[Task goal]:
Transcribe the data that follows in full. Leave out the pictures.

Information given: Begin

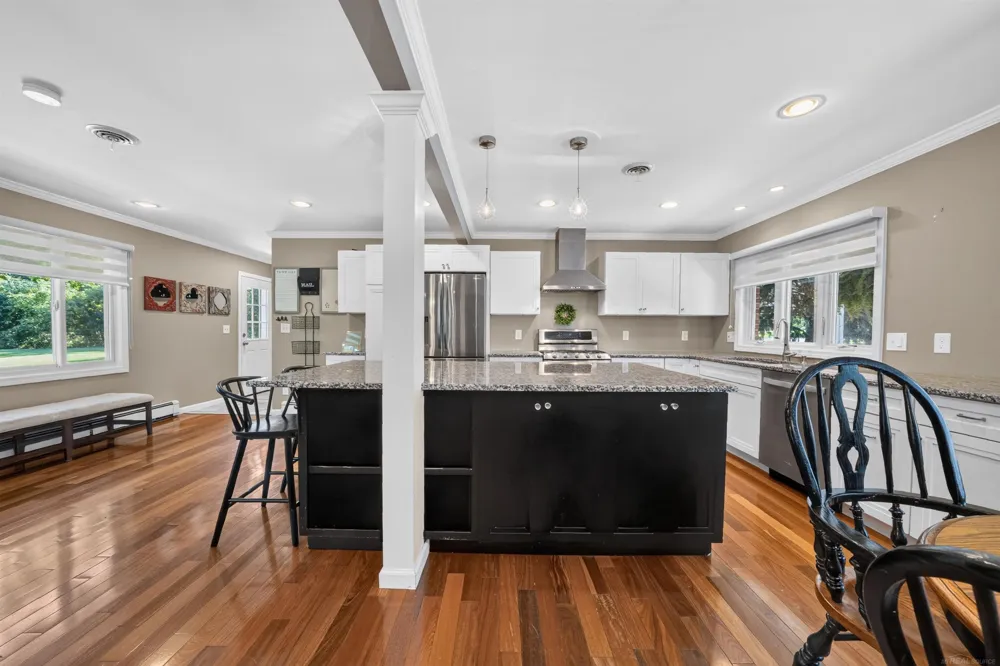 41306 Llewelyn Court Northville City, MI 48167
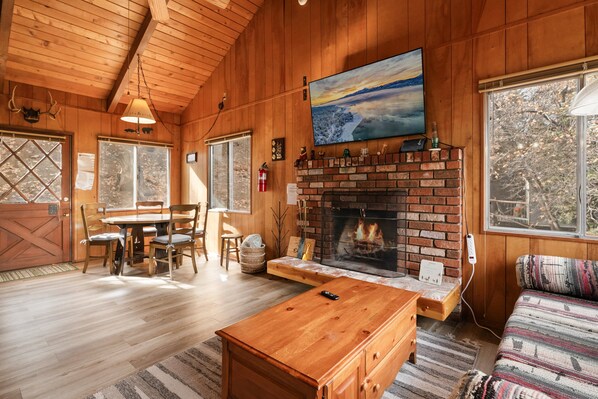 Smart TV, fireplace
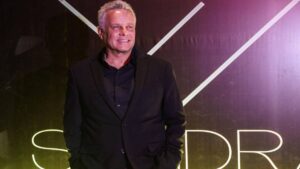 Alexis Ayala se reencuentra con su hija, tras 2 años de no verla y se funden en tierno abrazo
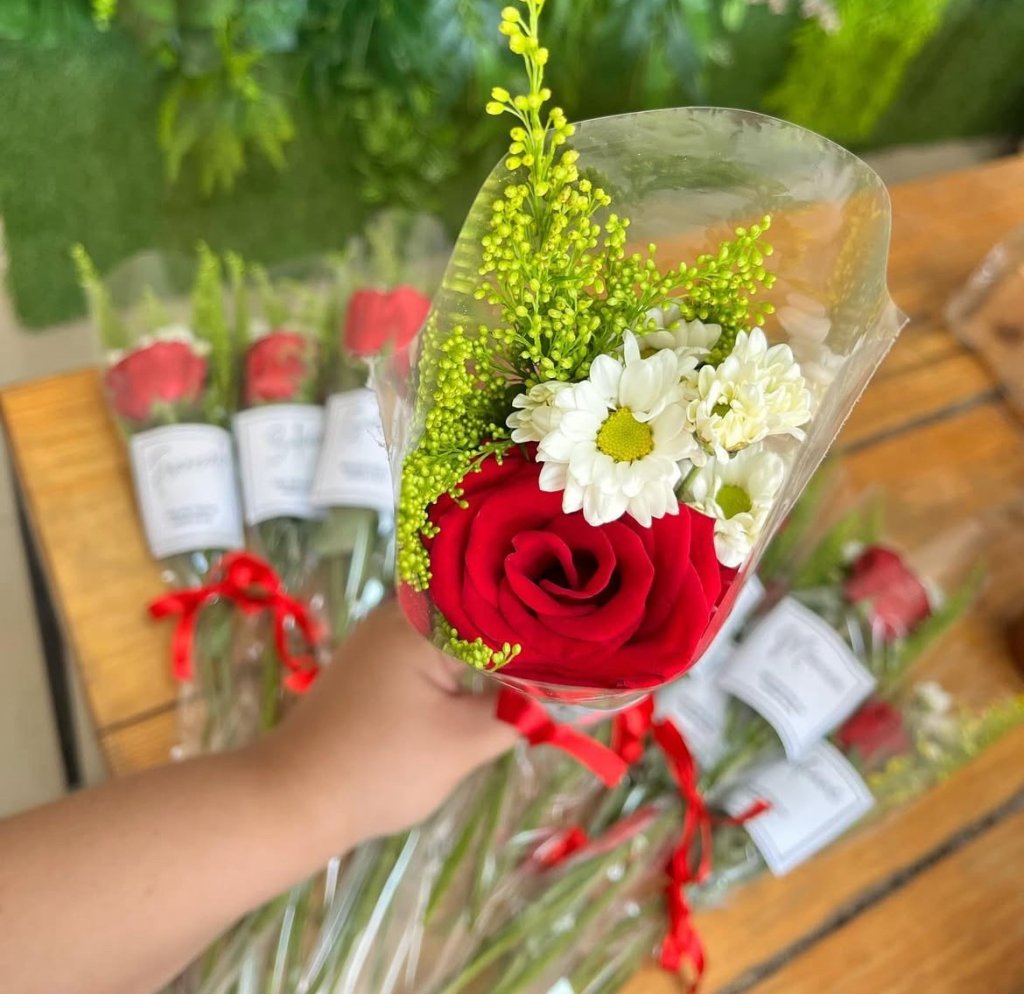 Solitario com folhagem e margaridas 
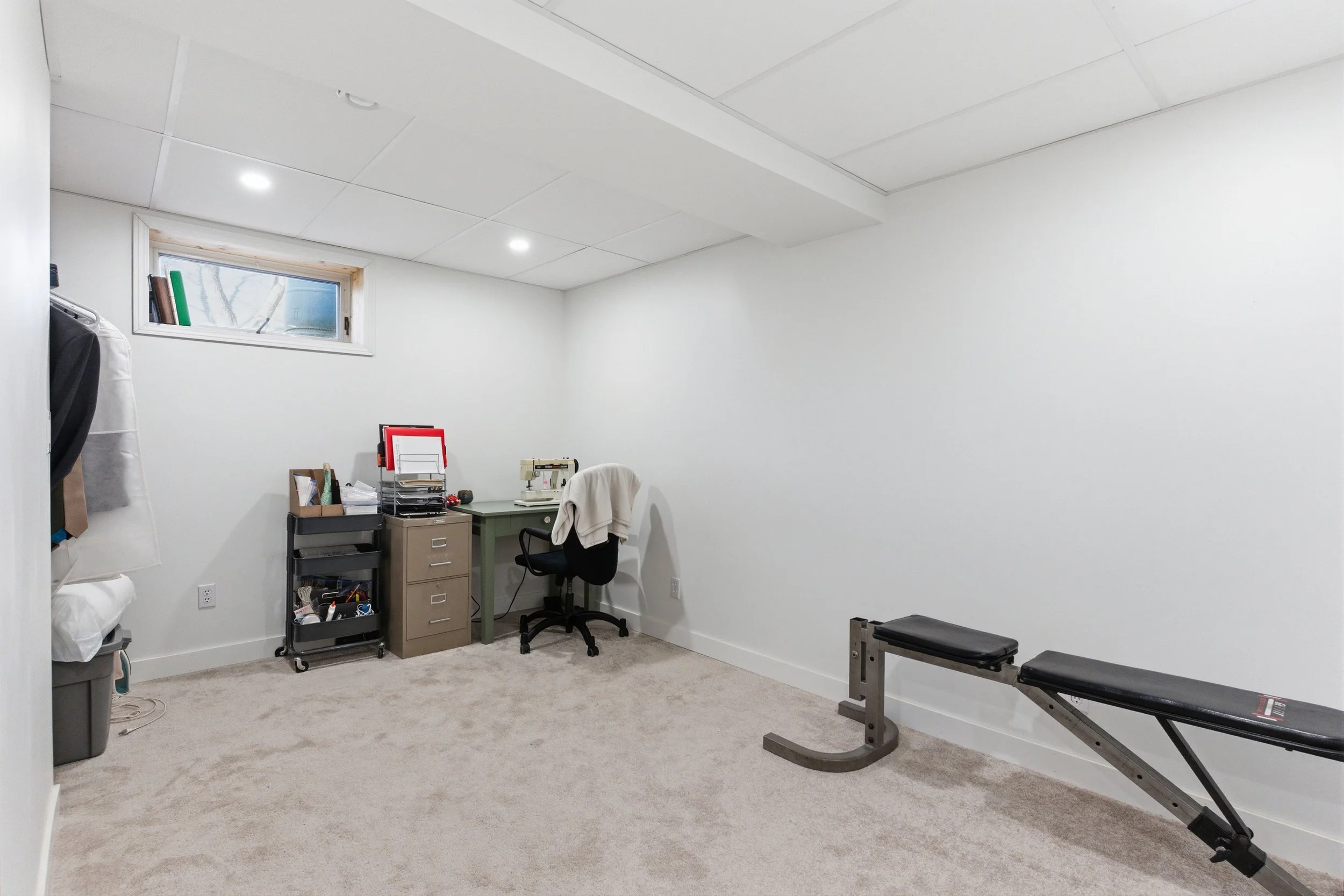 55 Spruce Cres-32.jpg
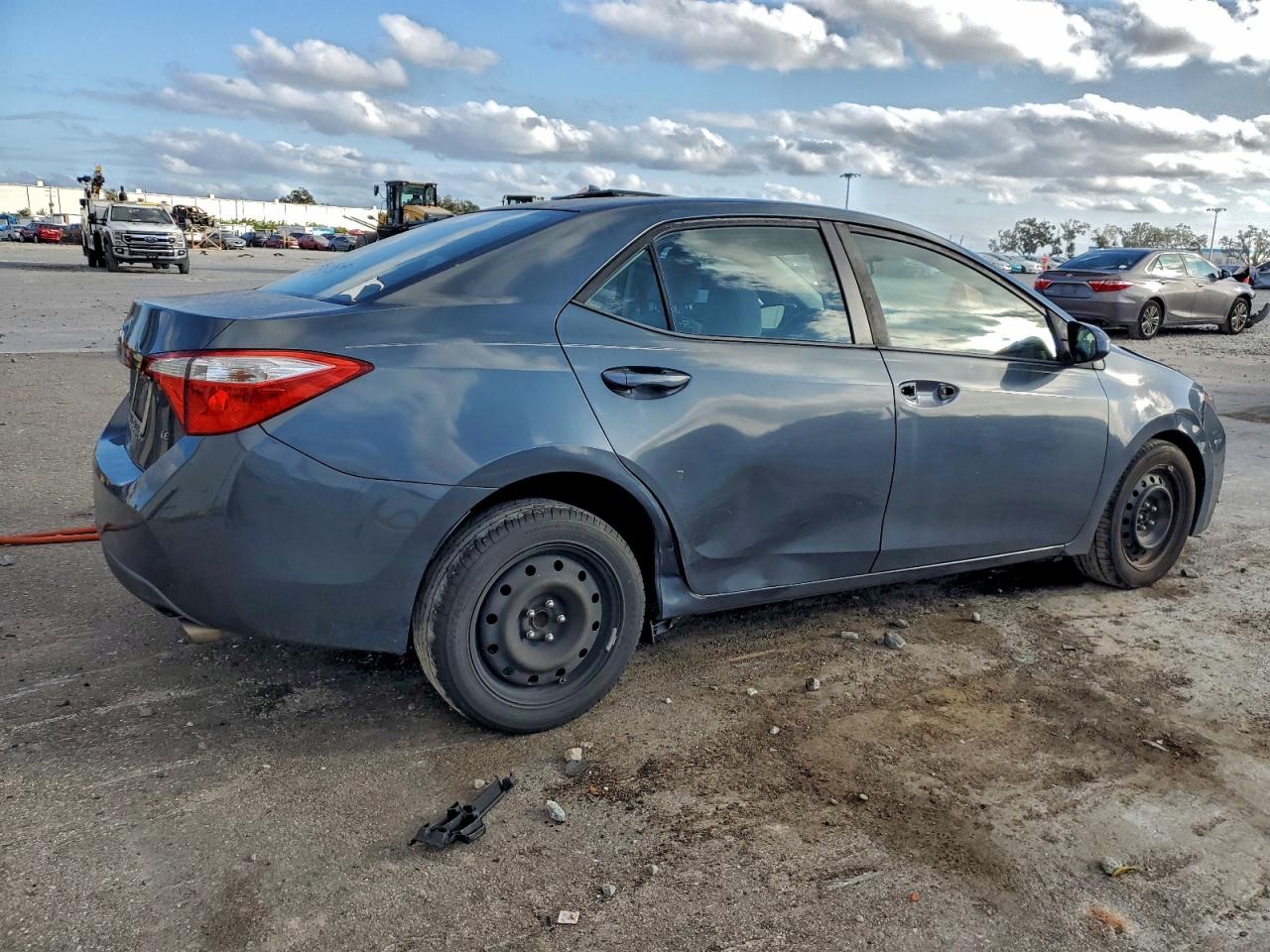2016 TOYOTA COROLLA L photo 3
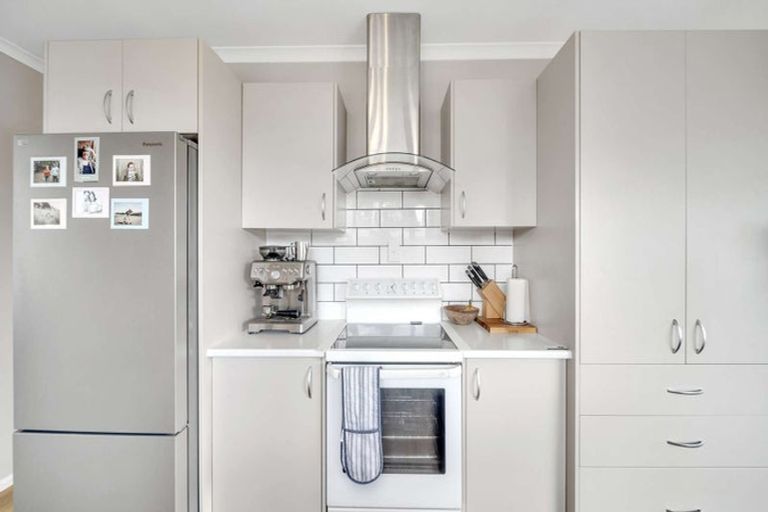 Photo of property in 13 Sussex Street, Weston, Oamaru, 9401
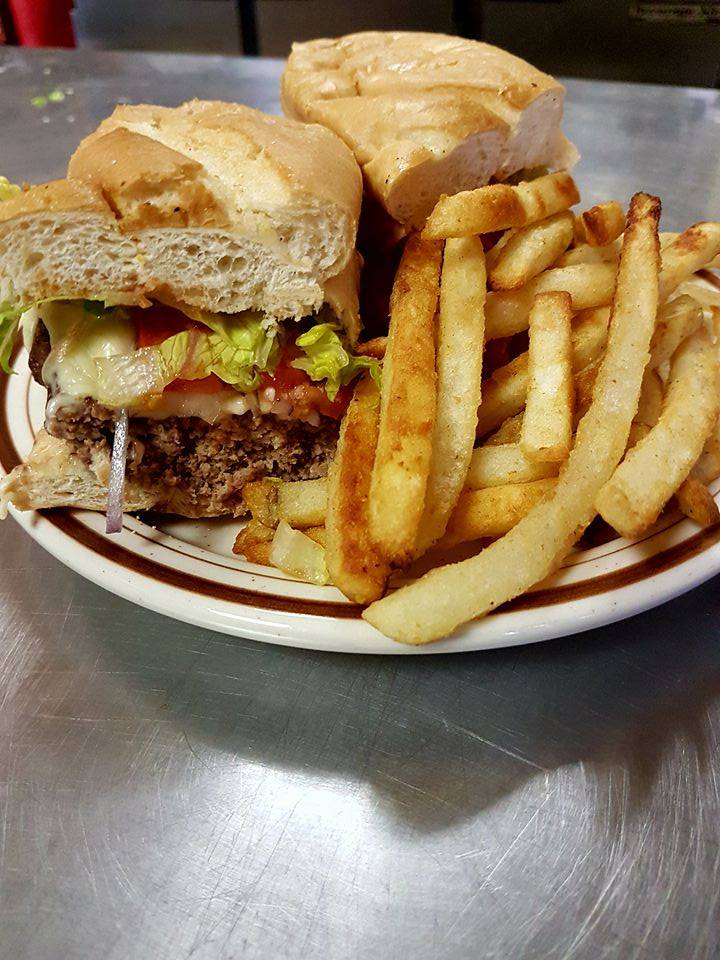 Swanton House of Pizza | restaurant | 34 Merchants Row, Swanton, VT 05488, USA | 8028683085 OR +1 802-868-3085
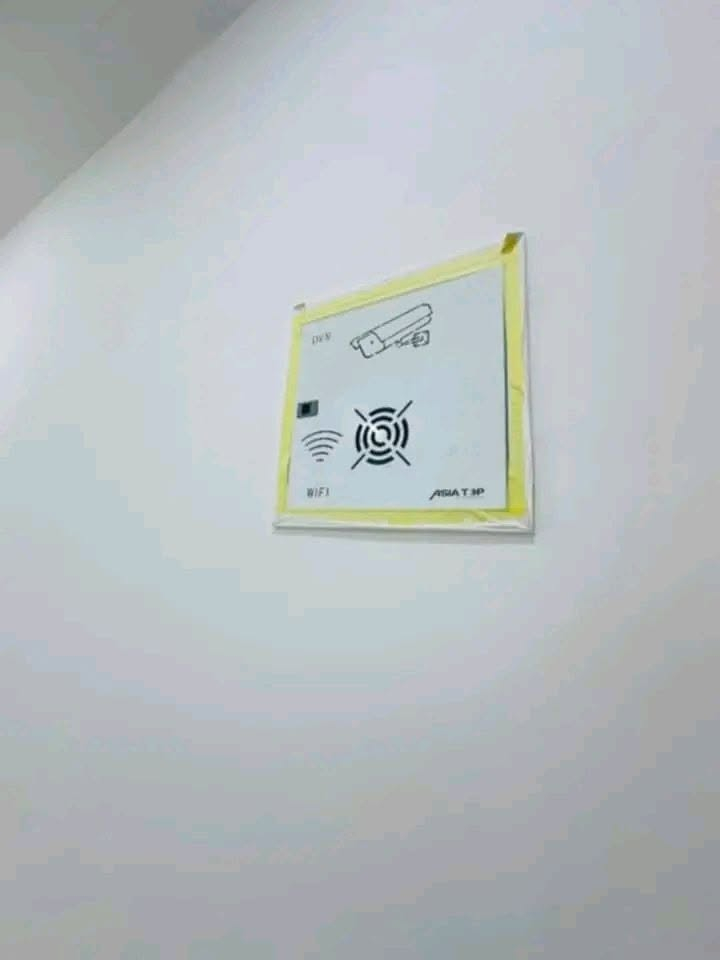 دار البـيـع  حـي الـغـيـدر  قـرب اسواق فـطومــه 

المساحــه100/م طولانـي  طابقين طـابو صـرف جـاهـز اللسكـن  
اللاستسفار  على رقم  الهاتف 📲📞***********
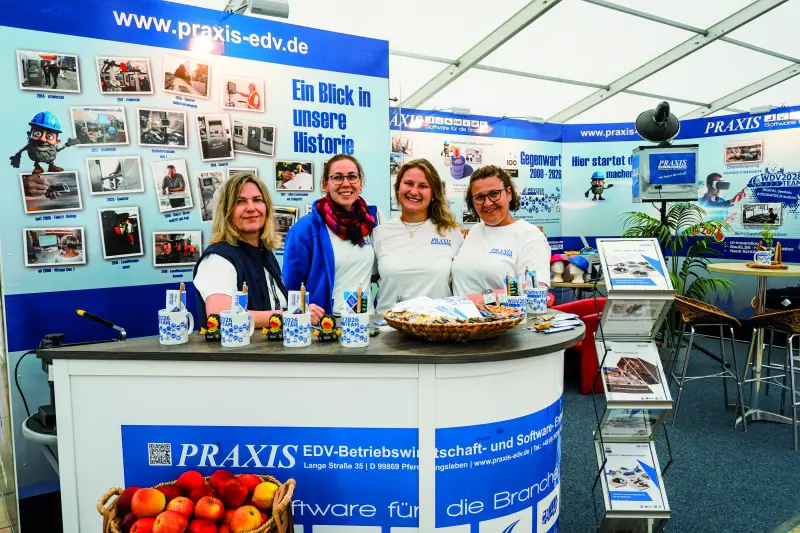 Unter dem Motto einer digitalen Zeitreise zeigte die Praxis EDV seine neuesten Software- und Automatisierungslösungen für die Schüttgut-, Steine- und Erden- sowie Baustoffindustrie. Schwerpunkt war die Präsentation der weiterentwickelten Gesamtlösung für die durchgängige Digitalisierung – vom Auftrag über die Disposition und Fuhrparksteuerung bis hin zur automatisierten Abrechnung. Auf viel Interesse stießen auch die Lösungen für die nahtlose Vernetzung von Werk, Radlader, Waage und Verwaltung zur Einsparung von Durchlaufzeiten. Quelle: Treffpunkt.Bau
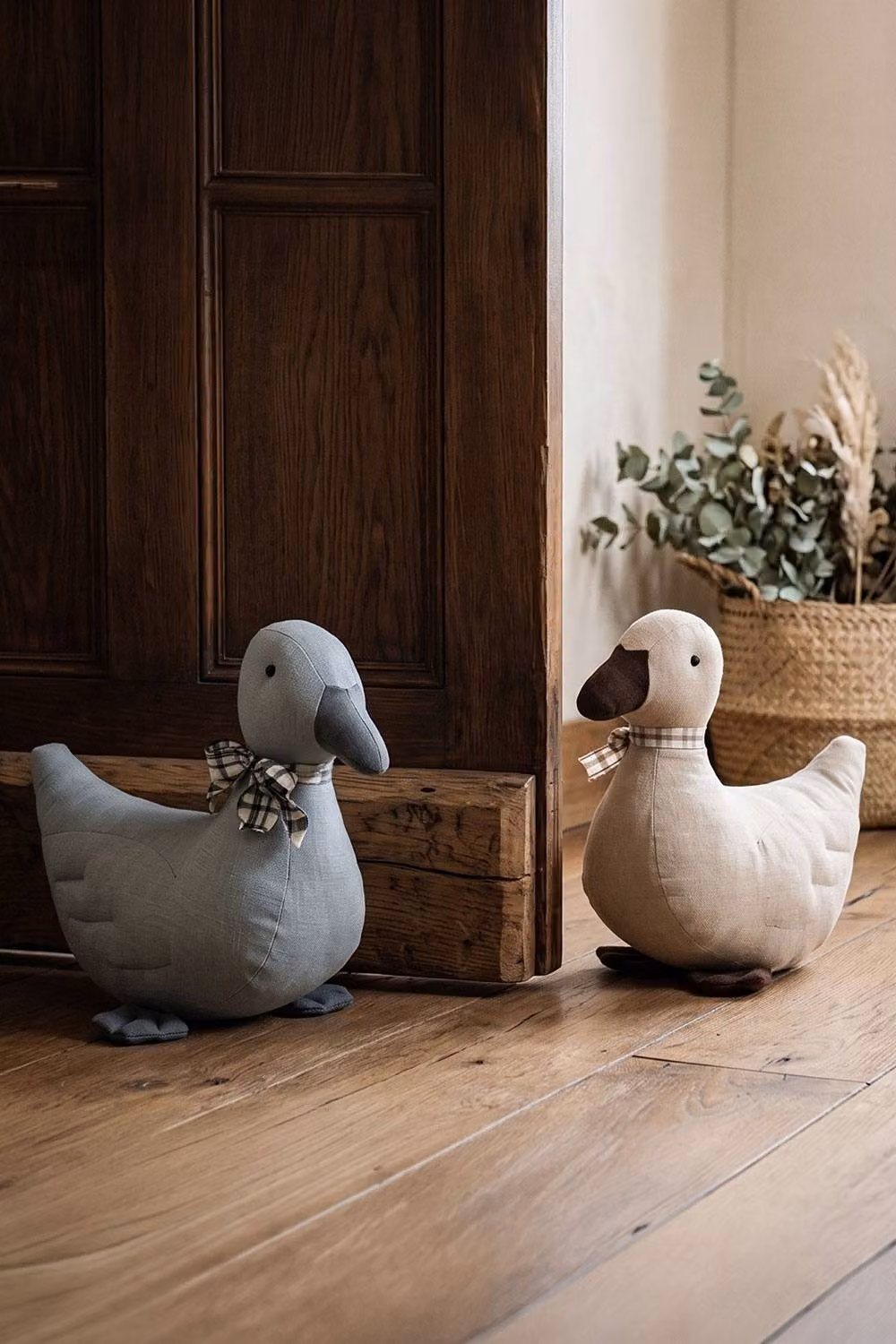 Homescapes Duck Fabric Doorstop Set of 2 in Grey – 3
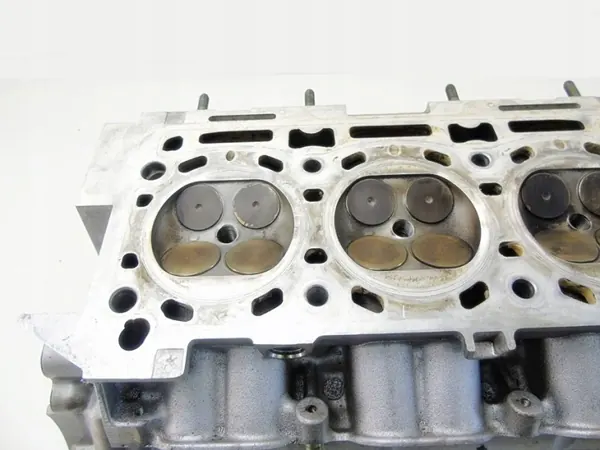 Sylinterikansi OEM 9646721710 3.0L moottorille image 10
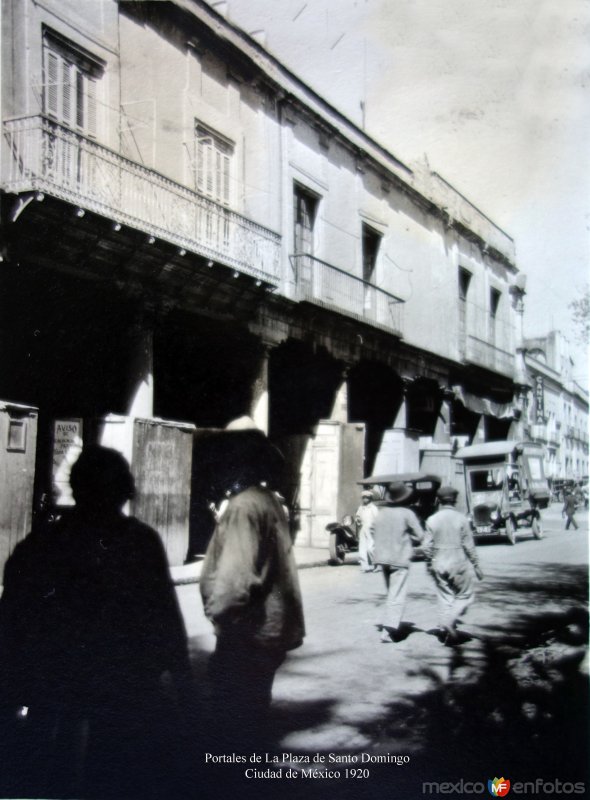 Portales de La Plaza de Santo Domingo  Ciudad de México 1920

Information given: End

[Task answer]:
 41306 Llewelyn Court Northville City, MI 48167
 Smart TV, fireplace
 Alexis Ayala se reencuentra con su hija, tras 2 años de no verla y se funden en tierno abrazo
 Solitario com folhagem e margaridas 
 55 Spruce Cres-32.jpg
2016 TOYOTA COROLLA L photo 3
 Photo of property in 13 Sussex Street, Weston, Oamaru, 9401
 Swanton House of Pizza | restaurant | 34 Merchants Row, Swanton, VT 05488, USA | 8028683085 OR +1 802-868-3085
 دار البـيـع  حـي الـغـيـدر  قـرب اسواق فـطومــه 

المساحــه100/م طولانـي  طابقين طـابو صـرف جـاهـز اللسكـن  
اللاستسفار  على رقم  الهاتف 📲📞***********
 Unter dem Motto einer digitalen Zeitreise zeigte die Praxis EDV seine neuesten Software- und Automatisierungslösungen für die Schüttgut-, Steine- und Erden- sowie Baustoffindustrie. Schwerpunkt war die Präsentation der weiterentwickelten Gesamtlösung für die durchgängige Digitalisierung – vom Auftrag über die Disposition und Fuhrparksteuerung bis hin zur automatisierten Abrechnung. Auf viel Interesse stießen auch die Lösungen für die nahtlose Vernetzung von Werk, Radlader, Waage und Verwaltung zur Einsparung von Durchlaufzeiten. Quelle: Treffpunkt.Bau
 Homescapes Duck Fabric Doorstop Set of 2 in Grey – 3
 Sylinterikansi OEM 9646721710 3.0L moottorille image 10
 Portales de La Plaza de Santo Domingo  Ciudad de México 1920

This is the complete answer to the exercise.